In his Plaint the plaintiff herein seeks the following reliefs, all of which are in the nature of declaratory orders;

“(i)    The defendants are estopped from exercising their statutory power of sale and from            selling the Plaintiff’s property L.R. NO. LOC 10/WANJENGI/121

(ii)The defendants do unconditionally discharge    and release the Plaintiff’s titles to properties    L.R. Nos. LOC 10/WANJENGI/121 and LOC 10/WANJENGI/1193.

(iii)The defendant do pay the Plaintiff’s costs of this suit plus interest thereon.”

Those reliefs are sought in the Plaint which is dated 2nd June 2006, but which was filed in court on 6th June 2006.

On the same date when the Plaint was filed, the plaintiff simultaneously filed an application, by way of a Chamber Summons dated 2nd June 2006.  Through that application, the plaintiff sought an interlocutory injunction to restrain the defendant from selling and/or transferring L.R. No. LOC 10/WANJENGI/121.

This ruling is in relation to that injunction application.

As I understand the plaintiff’s case, he readily concedes that the property L.R. NO. LOC 10/WANJENGI/121 (which shall hereinafter be cited as “the suit property”) was charged to the defendant as security for an overdraft facility of KShs. 1,400,000/=.

It is said that the money which the defendant made available to the plaintiff, under the said overdraft facility, was utilised in uplifting the capital base for the plaintiff’s business, which was that of a wholesale and distributor for BATA products.

There is no dispute about the fact that on 17th August 1997, the plaintiff’s business was completely razed down by fire.  That development was a major set-back to the plaintiff, as he lost not only the stock-in-trade, but also his records.

However, as the business had been insured, the plaintiff was initially optimistic that his insurers would soon make it possible for him to be compensated.  And bearing in mind the fact that the insurance policy which he had taken out was for KShs. 3. 0 million, the plaintiff had reason to believe that he would soon be back on his feet.

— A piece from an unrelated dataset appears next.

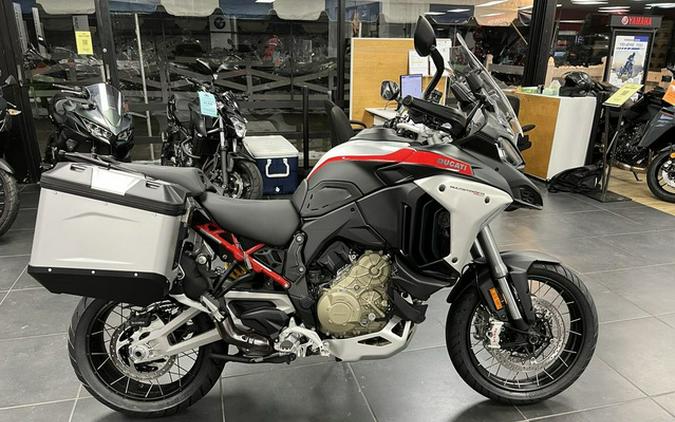 2025 Ducati Multistrada V4 Rally Brushed Aluminium & Matt Blac V4 Rally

But, as fate would have it, the insurers only paid KShs. 600,000/=, and thereafter declined to settle the balance of the plaintiff’s claim.  That development led the plaintiff to institute legal proceedings against the insurer.  However, the learned trial judge eventually dismissed the plaintiff’s claim, in a judgement dated 10th April 2002.

Still convinced that he was entitled to compensation from the insurer, the plaintiff lodged an appeal to the Court of Appeal.  But the said appeal was dismissed.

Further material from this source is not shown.